__How to complete this task__
Begin with the line that holds "Sanidad incrementa las" and retype through the last line of the listing below, exactly; pictures are not part of the copy.

===== Raw data =====

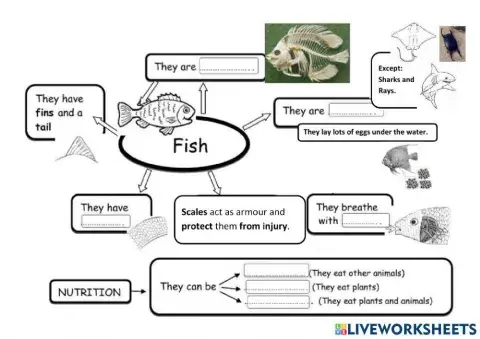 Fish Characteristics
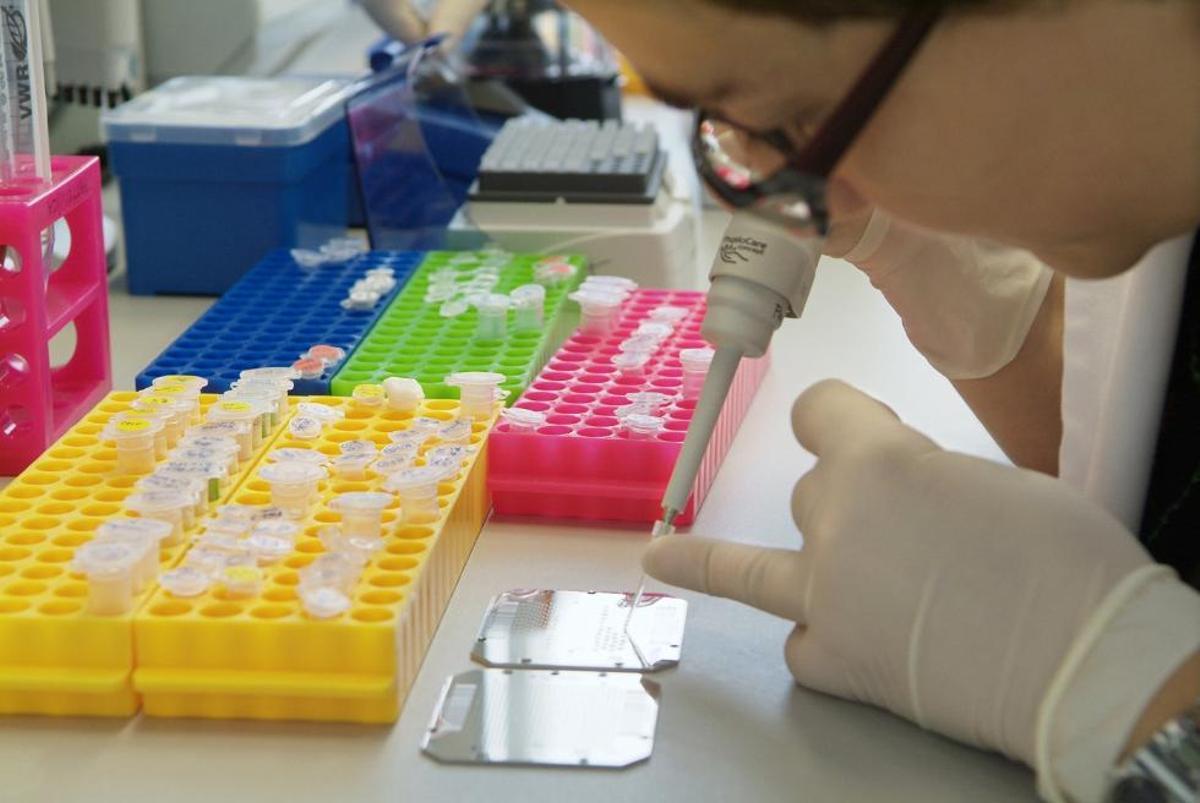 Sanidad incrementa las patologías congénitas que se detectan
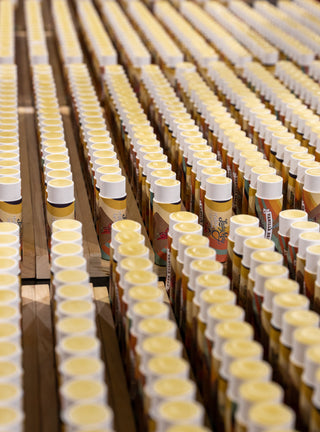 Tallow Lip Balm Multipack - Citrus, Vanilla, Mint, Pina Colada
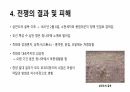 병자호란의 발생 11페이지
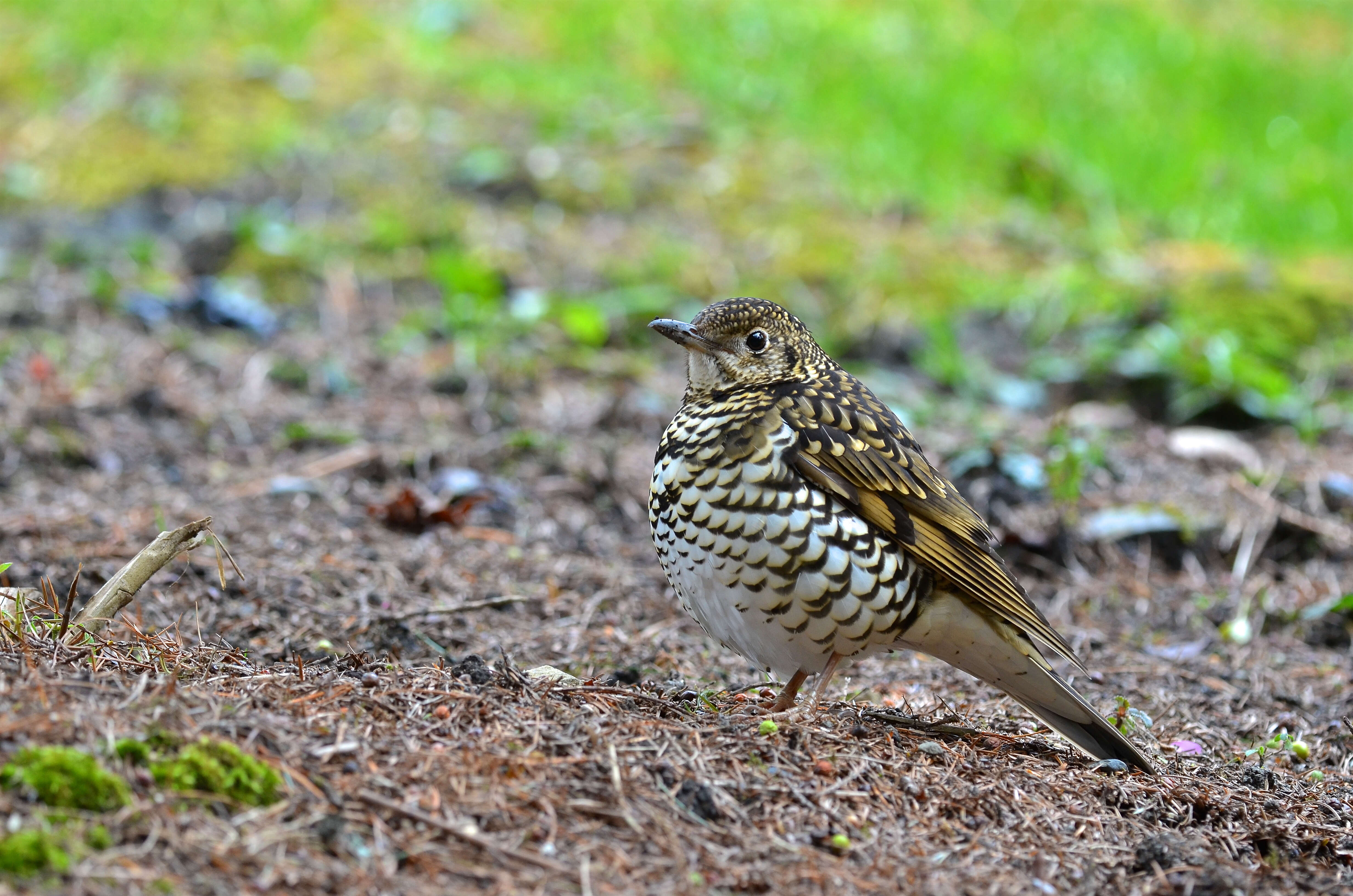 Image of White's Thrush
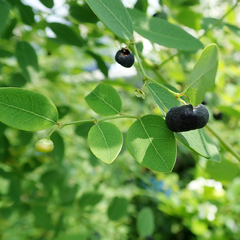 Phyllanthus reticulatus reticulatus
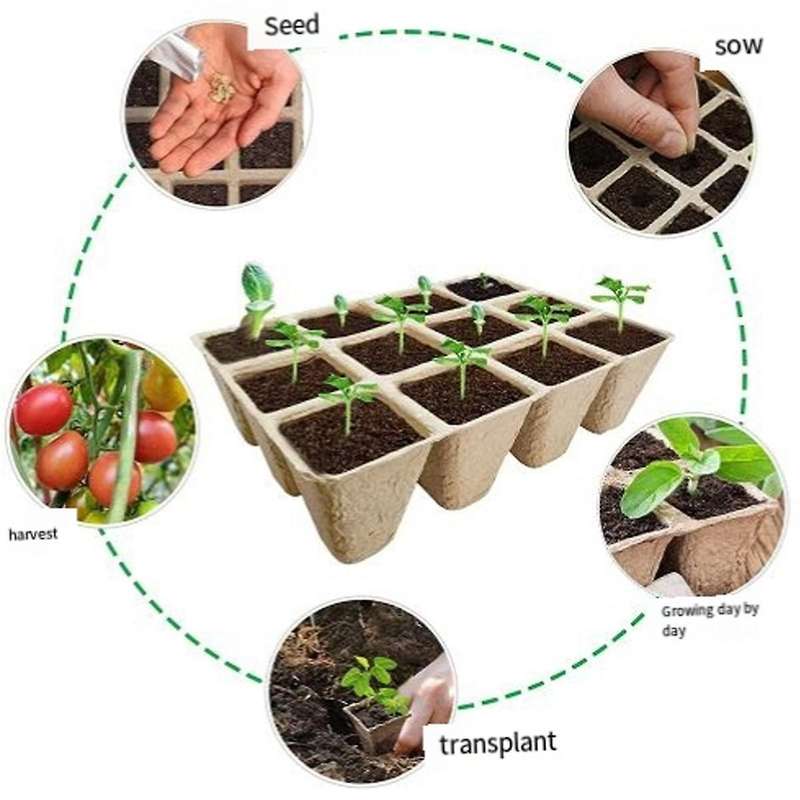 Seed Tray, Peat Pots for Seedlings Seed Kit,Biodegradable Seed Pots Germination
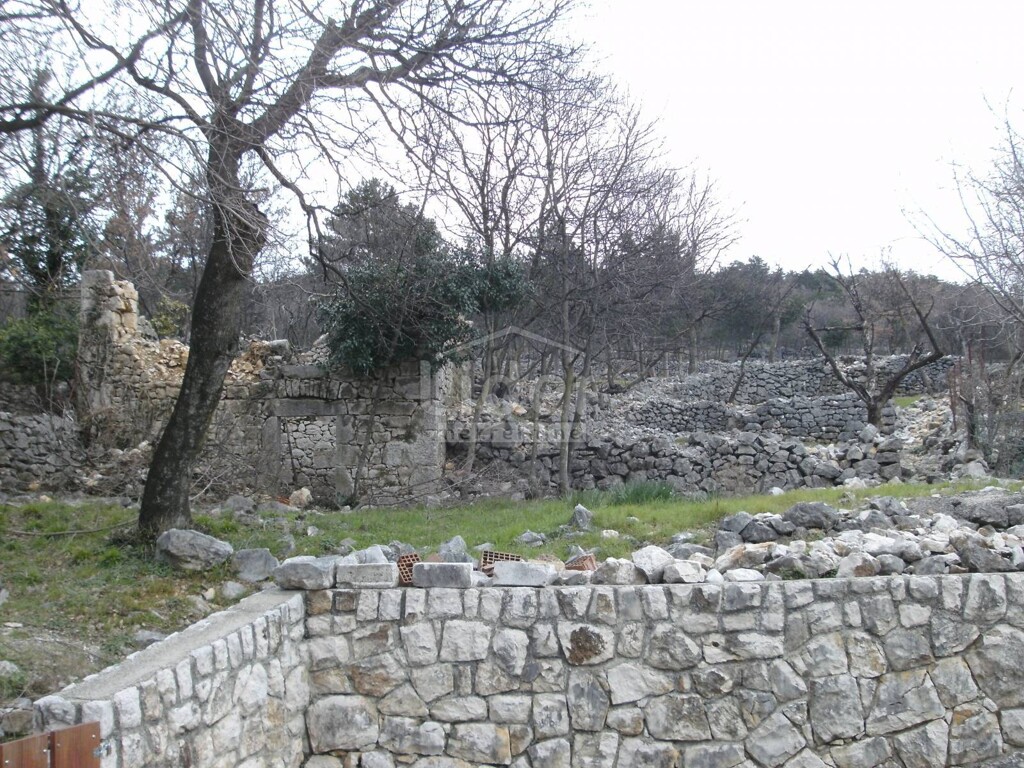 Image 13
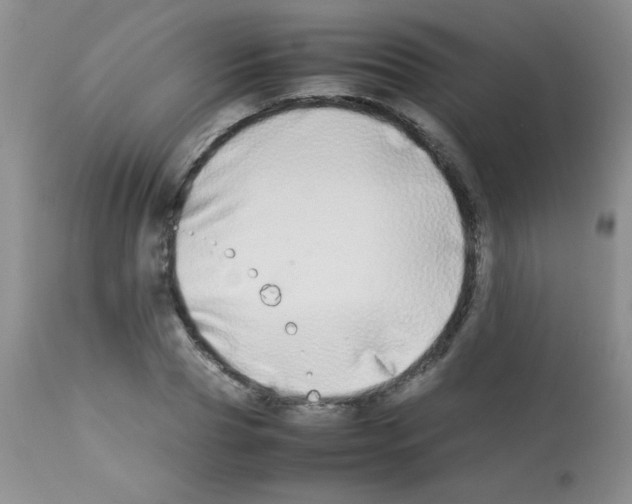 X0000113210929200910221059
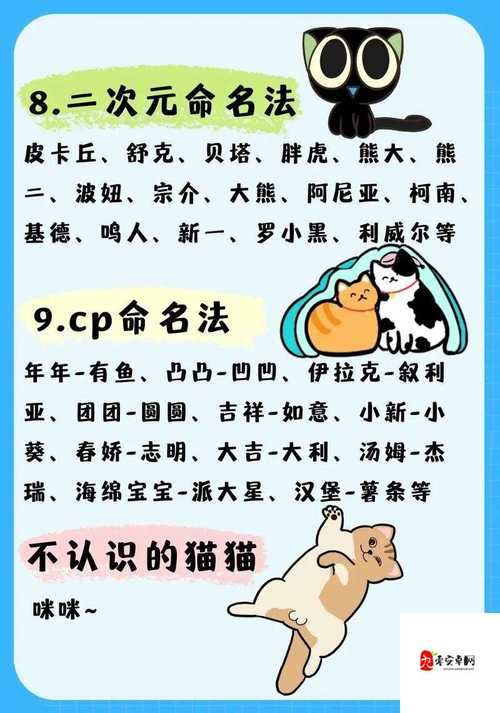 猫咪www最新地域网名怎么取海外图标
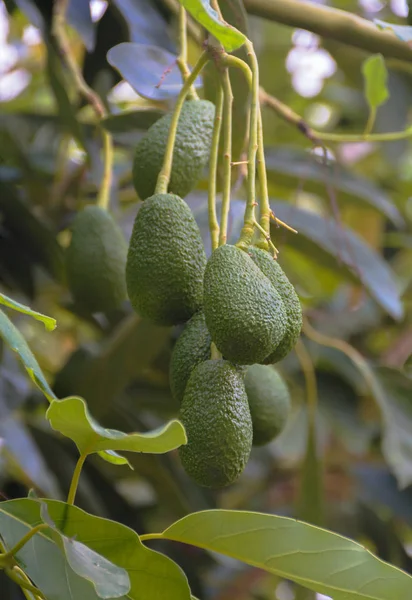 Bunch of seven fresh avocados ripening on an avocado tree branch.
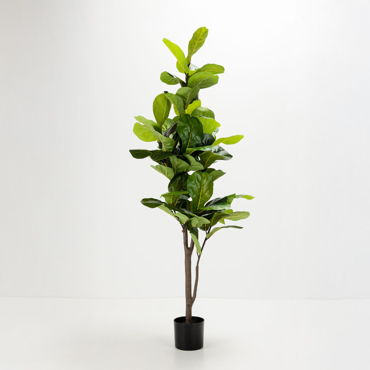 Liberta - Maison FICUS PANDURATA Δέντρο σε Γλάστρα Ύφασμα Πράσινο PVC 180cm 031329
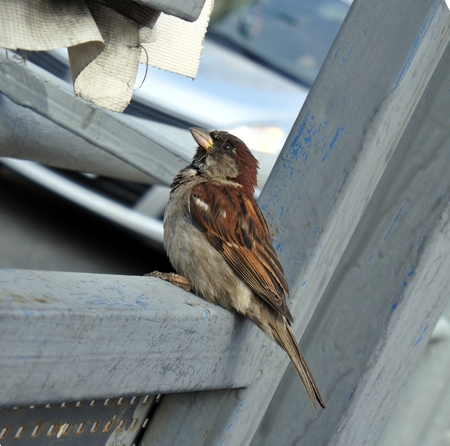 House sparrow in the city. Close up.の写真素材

=====

__Exercise answer__
 Sanidad incrementa las patologías congénitas que se detectan
 Tallow Lip Balm Multipack - Citrus, Vanilla, Mint, Pina Colada
 병자호란의 발생 11페이지
 Image of White's Thrush
 Phyllanthus reticulatus reticulatus
 Seed Tray, Peat Pots for Seedlings Seed Kit,Biodegradable Seed Pots Germination
 Image 13
 X0000113210929200910221059
 猫咪www最新地域网名怎么取海外图标
 Bunch of seven fresh avocados ripening on an avocado tree branch.
 Liberta - Maison FICUS PANDURATA Δέντρο σε Γλάστρα Ύφασμα Πράσινο PVC 180cm 031329
 House sparrow in the city. Close up.の写真素材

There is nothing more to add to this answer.